Based on those stats, I’ve decided that Nick and Karina’s blogs along with their takeover will continue in 2026. The Halloween special will also continue and will feature Ryan and Ash’s story.

Other goals for 2026:

✨ Read lots of books

✨ Practice daily self-care

✨ Get outside more

✨ Be more active on social media

✨ Maintain my boundaries and remove any toxicity from my life

✨ Spend time with my family and friends

Update

My Writing Life blogs will continue. They’ll be more like journal entries where I take you behind the scenes of my writing life so you can get more insight into the method behind my madness. I’ll be sharing my thoughts, my highs and lows, and maybe I’ll even post a tiny snippet or two.

Now, I’ve posted the tentative winter blog schedule, but the dates might change. I might have one of the MC’s (Nick or Karina) kick off the year, and another finish it off around the holidays. I’m not sure yet. As of now, the dates stand.

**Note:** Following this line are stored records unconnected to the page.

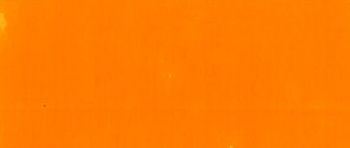Wallace Seymour Gouache Paint Cadmium Orange Light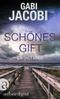 Schönes Gift (Neele Eriksson ermittelt 4) Cover des Buches Schönes Gift (Neele Eriksson ermittelt 4) (ISBN: B0FY2DX53Z)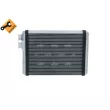 Système de chauffage NRF 54380 - Visuel 1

But if anything changes, it will be posted on the Announcements page.

I’ll also be posting new mood boards, life bites, playlists, and outtakes from my freestyle character interviews this coming year. So, keep your eyes out for those.

And that’s all I have for you today. I want to thank you all for staying with me on this chaotic journey. It’s been a wild and bumpy ride, and your continued support means the world to me. Thank you so much for visiting my site and reading my blogs.

I also want to thank my husband along with my close family and friends who have listened to my rants and raves, encouraged me, and lifted me up along the way. I wouldn’t have made it this far without you. I love you all more than any words can ever say.

As always, I want to wish everyone a happy, healthy, and safe New Year.